The metabolic profile of the a number of model organisms, including Corynebacterium glutamicum, Pseudomonas aeruginosa, Pseudomonas putida, Sulfolobus solfataricus, yeast etc. are analysed with respect to their reaction of genetic and environmental modifications, using GC/MS as well as HPLC/MS methods. Combined with parameters available from different databases the information about metabolites, active metabolic pathways and pathway regulation is used for a complete in silico simulation process of the cellular behaviour.

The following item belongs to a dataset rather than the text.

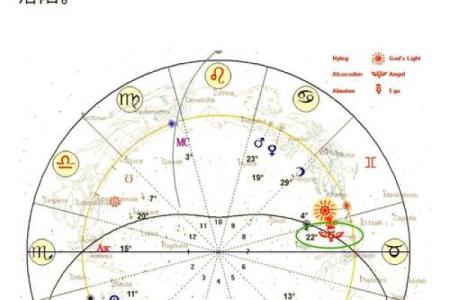 水星星座查询表 你的水星星座是什么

Bioinformatics - systems biology
The tools developed and used are covering the whole pathway from genome annotation and omics results to the prediction of (mainly) microbial cellular reactions to modifications in the genome, the environment like infection of a host, optimization of product formation in a fermenter or treatment with a drug. This includes enzyme function prediction from genome sequences, enzyme reaction classification, metabolic network analysis and simulation, analysis of metabolome data, integration of genome/transriptome/metabolome data, automatic construction of metabolic networks from enzyme annoations data as well as the development of tools for the analysis of mass spectrometry data and the development of tools for protein structure prediction and protein docking.
BRENDA - the enzyme information system
BRENDA is one of the most heavily used databases in the molecular biosciences. It includes more than 2 million enzyme functional and property parameters manually extracted from ca. 70 000 literature references and data from text-mining projects. Data include classification and nomenclature, reaction & specificity, enzyme kinetic data, enzyme structure, isolation & preparation, stability for enzyme and nomenclature, structure and interaction role for enzyme ligands including literature references for all data cited. Today ca. 140 000 visits and more than 5 million hits per month are registered at the BRENDA host. The development of BRENDA is funded by an EU infrastructure grant, allowing it to be free for world-wide access and download.